Use llama.cpp to run a model with the combined power of a networked cluster of GPUs.

Posted by farkinga@reddit | LocalLLaMA | View on Reddit | 14 comments

llama.cpp can be compiled with RPC support so that a model can be split across networked computers. Run even bigger models than before with a modest performance impact.

Specify GGML_RPC=ON when building llama.cpp so that rpc-server will be compiled.

cmake -B build -DGGML_RPC=ON
cmake --build build --config Release

Launch rpc-server on each node:

build/bin/rpc-server --host 0.0.0.0

Finally, orchestrate the nodes with llama-server

build/bin/llama-server --model YOUR_MODEL --gpu-layers 99 --rpc node01:50052,node02:50052,node03:50052

I'm still exploring this so I am curious to hear how well it works for others.

[-]

Klutzy-Snow8016@reddit

Are there any known performance issues? I tried using RPC for Deepseek R1, but it was slower than just running it on one machine, even though the model doesn't fit in RAM.

[-]

farkinga@reddit (OP)

I would not describe it as performance issues; more it's a matter of performance expectations.

Think of it this way: we like VRAM because it's fast once you load a model into it; this is measured in 100s of GB/s. We don't love RAM because it's so much slower than VRAM - but we still measure it in GB/s.

When it comes to networking - even 1000M, 2Gb, etc - that's slow-slow-slow. Bits, not bytes. 10Gb networking is barely 1GB/s - and almost never in practice. RAM sits right next to the CPU and VRAM is on a PCIe bus. A network-attached device will always be slower.

My point is: the network is the bottleneck with the RPC strategy I described. And when I say it's not performance "issues" I simply mean that this is always going to be slower than if you have the VRAM in a single node.

Now, having said all that, I do believe MoE architectures could be fitted to a specific network and GPU topology. ...but that's getting technical.

There probably are no "issues" to work out; this is already about as fast as it will ever get. The advantage is that if you use this the right way, you can run models much larger than before; you are no longer limited to a single computer.

[-]

Calcidiol@reddit

I got it working some time ago though it was very rough in terms of feature / function support, user experience to configure / control / use, etc. etc.

It seemed like a "it's better than nothing if you can get an advantage out of it where you can't run the model well or at all usefully otherwise" kind of thing.

People have said better things about it in terms of using it on a single system with multiple heterogeneous GPUs so at least in that case the communication can happen at PCIE or at least local vlan speeds between instances as opposed to having the latency and throughput limit of 1GbE between multiple distinct hosts.

I've been meaning to try it with like 50-170 GBy range models and see how it might help vs. what the context size in use is and different nodes' actual performances / capabilities.

[-]

farkinga@reddit (OP)

it's better than nothing if you can get an advantage out of it where you can't run the model well or at all usefully otherwise

That's where I'm at: I can't run 72b models on a single node but if I combine 3 GPUs, it actually works (even if it's slower).

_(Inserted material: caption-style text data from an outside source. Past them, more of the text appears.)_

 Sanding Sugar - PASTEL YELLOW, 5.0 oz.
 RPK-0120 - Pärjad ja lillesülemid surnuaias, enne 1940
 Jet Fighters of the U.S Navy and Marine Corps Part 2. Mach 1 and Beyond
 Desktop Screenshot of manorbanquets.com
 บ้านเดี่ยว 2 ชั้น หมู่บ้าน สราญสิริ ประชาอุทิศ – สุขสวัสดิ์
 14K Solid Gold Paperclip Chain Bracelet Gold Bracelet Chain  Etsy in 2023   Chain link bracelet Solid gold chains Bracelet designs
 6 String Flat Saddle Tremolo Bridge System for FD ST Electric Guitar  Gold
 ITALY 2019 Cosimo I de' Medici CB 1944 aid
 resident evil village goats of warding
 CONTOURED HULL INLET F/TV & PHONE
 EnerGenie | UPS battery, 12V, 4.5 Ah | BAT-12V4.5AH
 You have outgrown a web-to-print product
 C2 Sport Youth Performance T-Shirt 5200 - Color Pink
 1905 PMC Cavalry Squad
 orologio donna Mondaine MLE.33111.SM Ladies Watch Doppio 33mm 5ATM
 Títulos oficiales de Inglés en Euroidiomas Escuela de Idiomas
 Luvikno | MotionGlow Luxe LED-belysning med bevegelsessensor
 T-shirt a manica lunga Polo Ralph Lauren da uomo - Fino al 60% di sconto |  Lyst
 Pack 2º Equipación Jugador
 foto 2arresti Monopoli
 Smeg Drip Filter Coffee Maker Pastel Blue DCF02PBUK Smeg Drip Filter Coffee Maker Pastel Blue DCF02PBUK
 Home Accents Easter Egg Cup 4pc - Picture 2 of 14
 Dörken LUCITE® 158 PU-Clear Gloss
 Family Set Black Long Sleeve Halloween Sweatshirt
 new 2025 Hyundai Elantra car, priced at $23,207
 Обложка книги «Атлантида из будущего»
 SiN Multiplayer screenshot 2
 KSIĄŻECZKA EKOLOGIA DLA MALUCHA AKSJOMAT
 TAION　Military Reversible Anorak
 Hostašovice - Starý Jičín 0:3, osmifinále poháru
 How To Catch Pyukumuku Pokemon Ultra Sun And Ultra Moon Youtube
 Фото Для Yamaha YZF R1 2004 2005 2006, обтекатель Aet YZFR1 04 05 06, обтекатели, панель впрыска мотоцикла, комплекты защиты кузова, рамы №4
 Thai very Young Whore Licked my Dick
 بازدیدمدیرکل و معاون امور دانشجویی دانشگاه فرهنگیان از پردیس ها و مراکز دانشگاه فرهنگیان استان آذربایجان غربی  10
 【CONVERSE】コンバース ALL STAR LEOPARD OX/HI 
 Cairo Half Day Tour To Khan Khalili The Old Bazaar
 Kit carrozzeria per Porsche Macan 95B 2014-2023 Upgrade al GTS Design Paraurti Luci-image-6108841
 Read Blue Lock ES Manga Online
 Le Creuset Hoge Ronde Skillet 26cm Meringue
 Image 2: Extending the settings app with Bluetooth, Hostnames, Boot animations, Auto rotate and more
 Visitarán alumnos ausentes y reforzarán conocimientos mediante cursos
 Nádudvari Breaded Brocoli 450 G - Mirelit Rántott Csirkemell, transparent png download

By the way: this is a combination of Metal and CUDA acceleration. I wasn't even sure it would work - but the fact it's working is amazing to me.

[-]

Calcidiol@reddit

Hmm IIRC there was some comment about RPC and metal in the release change log a while back, maybe they added support or fixed something having to do with heterogeneous platforms & back ends etc. Or maybe I'm misremembering. Anyway it's good that it works.

I'll try more homogeneous test platforms but heterogeneous GPU architecture species and also add in CPU+RAM based inference with partial distributed multi-GPU offload see where that gets me. It'd be nice to see how Qwen3-235B MoE works with enough distributed RAM to fit a decent quant of the model and modest VRAM/GPU to help out a bit. I'll have to figure out how to most intelligently even use the partial VRAM mixed in with the much larger RAM+CPU regions to get the most benefit. Draft model fully in VRAM should be one thing that could help anyway.

[-]

farkinga@reddit (OP)

Yes, I've been thinking about MoE optimization with RPC, split-mode, override-tensors, and number of active experts. If each expert fits inside its own node, it should dramatically reduce network overhead. If relatively-little data has to actually feed forward between experts, inference performance could get closer to PCIe-speed.

[-]

fallingdowndizzyvr@reddit

I got it working some time ago though it was very rough in terms of feature / function support, user experience to configure / control / use, etc. etc.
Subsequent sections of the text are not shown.